> **ABOUT THIS EXERCISE**: Here the answer should be the line with "Customizable Slate Home" and all the lines after it through the end of the listing, each repeated exactly, and no other text.

> **RECORDS FOR PROCESSING**:
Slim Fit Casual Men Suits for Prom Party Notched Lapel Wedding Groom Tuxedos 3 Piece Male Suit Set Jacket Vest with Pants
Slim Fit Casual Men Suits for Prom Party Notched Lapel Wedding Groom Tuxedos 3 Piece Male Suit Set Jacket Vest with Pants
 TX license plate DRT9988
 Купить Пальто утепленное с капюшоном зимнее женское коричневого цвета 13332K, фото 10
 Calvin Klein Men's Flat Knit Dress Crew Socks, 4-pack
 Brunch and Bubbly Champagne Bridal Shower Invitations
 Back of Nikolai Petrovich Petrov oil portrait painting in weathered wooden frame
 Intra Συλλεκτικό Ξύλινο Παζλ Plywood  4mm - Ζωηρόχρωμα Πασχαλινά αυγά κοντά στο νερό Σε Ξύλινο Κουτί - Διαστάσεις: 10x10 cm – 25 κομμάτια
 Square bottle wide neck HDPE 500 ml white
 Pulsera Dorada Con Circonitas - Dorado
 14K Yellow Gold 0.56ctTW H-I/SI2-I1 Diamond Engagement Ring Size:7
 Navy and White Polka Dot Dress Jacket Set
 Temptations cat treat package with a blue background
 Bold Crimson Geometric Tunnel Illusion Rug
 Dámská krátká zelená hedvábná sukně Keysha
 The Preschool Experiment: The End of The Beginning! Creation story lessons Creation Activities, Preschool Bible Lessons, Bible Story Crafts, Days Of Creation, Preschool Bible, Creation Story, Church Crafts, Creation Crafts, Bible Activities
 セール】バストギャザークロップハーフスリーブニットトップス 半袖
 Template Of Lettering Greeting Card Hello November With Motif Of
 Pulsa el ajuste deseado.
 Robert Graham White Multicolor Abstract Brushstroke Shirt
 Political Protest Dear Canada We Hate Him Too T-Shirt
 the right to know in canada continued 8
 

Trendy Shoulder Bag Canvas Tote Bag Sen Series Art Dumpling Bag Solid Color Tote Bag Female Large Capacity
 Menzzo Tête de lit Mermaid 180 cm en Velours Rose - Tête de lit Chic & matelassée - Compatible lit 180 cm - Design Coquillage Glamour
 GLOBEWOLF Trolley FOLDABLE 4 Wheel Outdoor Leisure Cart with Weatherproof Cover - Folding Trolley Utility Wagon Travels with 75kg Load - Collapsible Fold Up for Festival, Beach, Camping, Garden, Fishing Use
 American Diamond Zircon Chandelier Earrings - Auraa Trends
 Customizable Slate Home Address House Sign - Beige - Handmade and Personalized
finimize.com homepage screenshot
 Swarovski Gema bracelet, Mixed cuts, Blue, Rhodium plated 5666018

> **SOLUTION TO THE EXERCISE**:
 Customizable Slate Home Address House Sign - Beige - Handmade and Personalized
finimize.com homepage screenshot
 Swarovski Gema bracelet, Mixed cuts, Blue, Rhodium plated 5666018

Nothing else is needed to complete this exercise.